Rape Date 1998
!Xoe site-specific project
At 21, the youngest artist to be featured in artbio, Mustafa Maluka draws on his upbringing in Bishop Lavis, a tough township on the Cape Flats, on graffiti, and on hip hop music to make his work. His pieces are notable for a sophisticated mixture of graffiti and other text with his own use of words to make deceptively simple and direct statements. His themes: a redressing of past history, and a study of how old attitudes continue to affect the present.
"I am trying to rape ignorance. From the background I come from, ignorance is the main weapon that the previous system used to teach people to hate themselves. People are still mental slaves. What I'm doing is challenging all those things you weren't supposed to question."
Most recent projects:
Maluka can be seen in three current projects: a solo show at the AVA's ArtStrip is entitled 'The (Unstoppable) Rapist', referring both to the continuation of the master/slave thinking and, when the word 'Unstoppable' is removed, to himself as 'the-rapist'. Using collage and paint, Maluka traces a linear history of slavery, starting with the 17th century and ending with contemporary advertisements for straight-haired wigs. The work warns against the acceptance of stereotypes.
At the Irma Stern Museum, Maluka is part of the collaborative project, with Gregg Smith, Ice and Sky 1, called 'Childhood' (see listings) in which the artists examine their different upbringings. On surfaces prepared by Smith, the four imprint and paint visual notes from their early years. Where Gregg Smith recalls the prints of paintings of his white suburban upbringing, Maluka records the Niknak man and Wilsons Toffee papers.
And on June 30 Maluka will be present as a participant in the !Xoe project at Nieu Bethesda (see listings). His chosen site is next to the township - "pointing up the stark difference between the huge houses of those that own land and those that don't". His piece was inspired by the story of a local boy who was sent out into the snow by his boss the farmer to recover a lost sheep. The boy never returned.

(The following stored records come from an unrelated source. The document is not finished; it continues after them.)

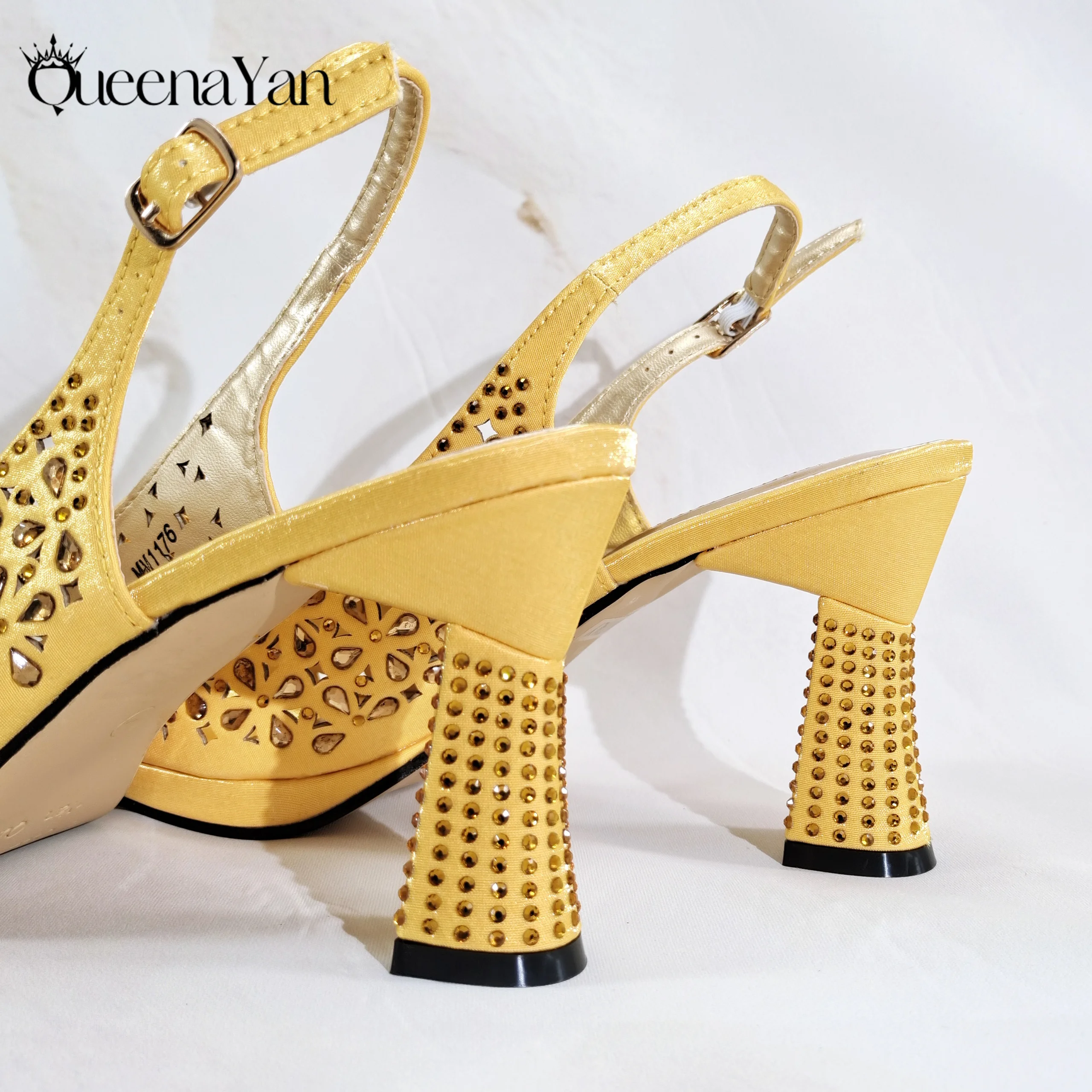 كوينا يان مخرمة بالتفصيل حفلة سعيدة منتج ممتاز تصميم زقزقة اصبع القدم الكعب العالي ومجموعة الحقائب مزينة بحجر الراين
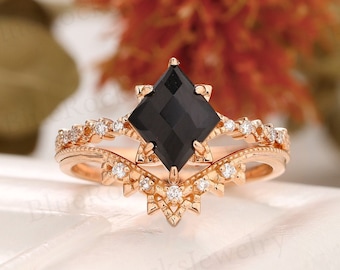 Vintage Black Onyx Engagement ring Set, rhombus shaped art deco ring,Rose Gold Ring, curved wedding band, bridal set, wedding anniversary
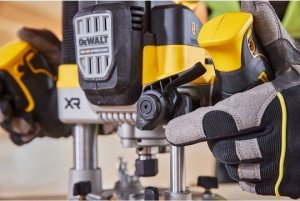 Frezarka Dewalt 18 V 8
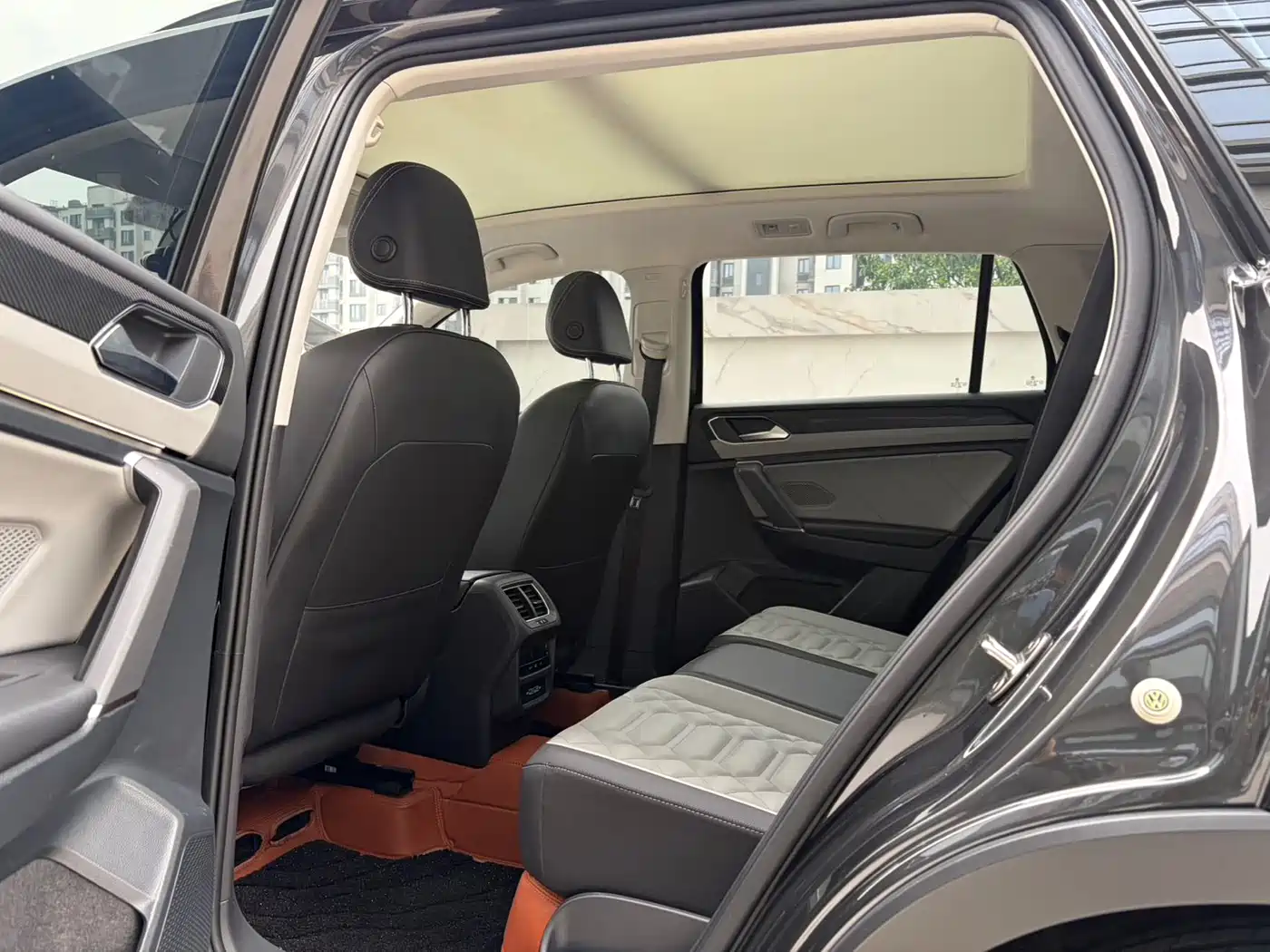 Volkswagen Tayron 2023 330TSI 2WD Luxury Plus Advanced Edition фото 7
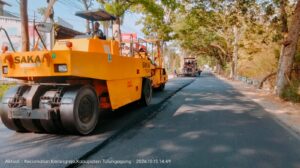 Dinas PUPR Tulungagung Kebut Pengaspalan Jalan Cuwiri–Karangrejo, Akses Vital Ekonomi Kian Mantap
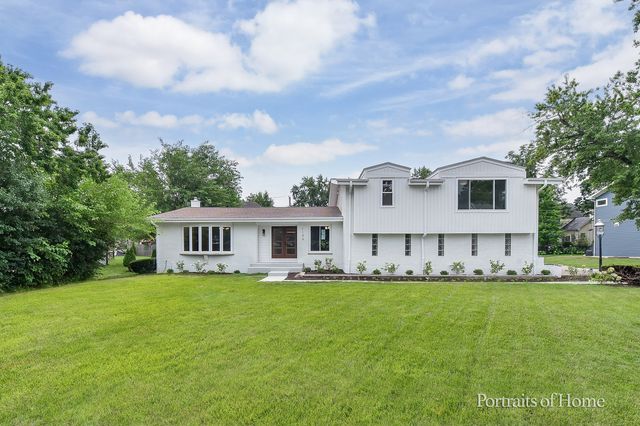 1106 North Path Drive, Wheaton, IL 60187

Maluka's piece utilises a sheepskin, a pool of red water symbolising blood and old barn doors with words and phrases relating to the incident.
Maluka took part in the District Six Sculpture Festival last year, reclaiming the land, renamed Zonnebloem after the demolition of the area, with a lettered sign, like the famous HOLLYWOOD one.
Maluka studied Graphic Design at the Peninsula Technikon for two years, then had to give up through lack of funds. He has participated in numerous art workshops at Hard Ground Printmakers, the South African National Galley and Thupelo. In June 1997 he spent a month on Robben Island for a residency at the Robben Island Museum.